Yesterday I had what can only be referred to as the worst day ever. After feeling frustrated with student teaching when I had no idea what to do during a fight, I left to go downtown and transfer buses to go to class. I stopped at the public library where I knew that Boutique Knits, the knitting book I've been waiting for for over a month was finally on hold for me. I went in, paid my fines, and even bought myself a cheer-up coffee and then went to the bus stop. I just missed the bus I usually take to class and sat down to wait for the next one, thinking that it wasn't too cold and besides, I had lots of wool on (ha!).
I wasn't waiting five minutes before a woman started abusing her daughter for horsing around at the bus stop.
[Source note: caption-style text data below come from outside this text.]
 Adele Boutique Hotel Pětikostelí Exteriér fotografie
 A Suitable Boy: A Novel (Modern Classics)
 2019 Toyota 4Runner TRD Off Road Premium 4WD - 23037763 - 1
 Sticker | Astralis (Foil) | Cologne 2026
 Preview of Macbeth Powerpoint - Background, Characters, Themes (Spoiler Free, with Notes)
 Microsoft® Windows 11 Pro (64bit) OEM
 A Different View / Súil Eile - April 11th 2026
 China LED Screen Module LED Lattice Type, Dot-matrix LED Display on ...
I'm talking grabbing her, shaking her, screaming about what "mother fucking stupid kid" she was and slapping her, all the while yelling about how people would tell her to stop abusing her kid but she didn't care. A few minutes later she yells at me for "looking at her." Then she threatens the guy next to me with the knife she supposedly had in her pocket saying that when that comes out "she won't stop." Christ. I had no idea what to do and just froze like a useless idiot, feeling incredibly depressed when my bus drove away and I made eye contact with that little girl, still waiting and crying, thinking about how I was just another adult who failed her that day.
I went to class and was bored and shaken up only to find out afterward that my health insurance coverage is ending starting next year because my birthday is coming up. Fan-damn-tastic.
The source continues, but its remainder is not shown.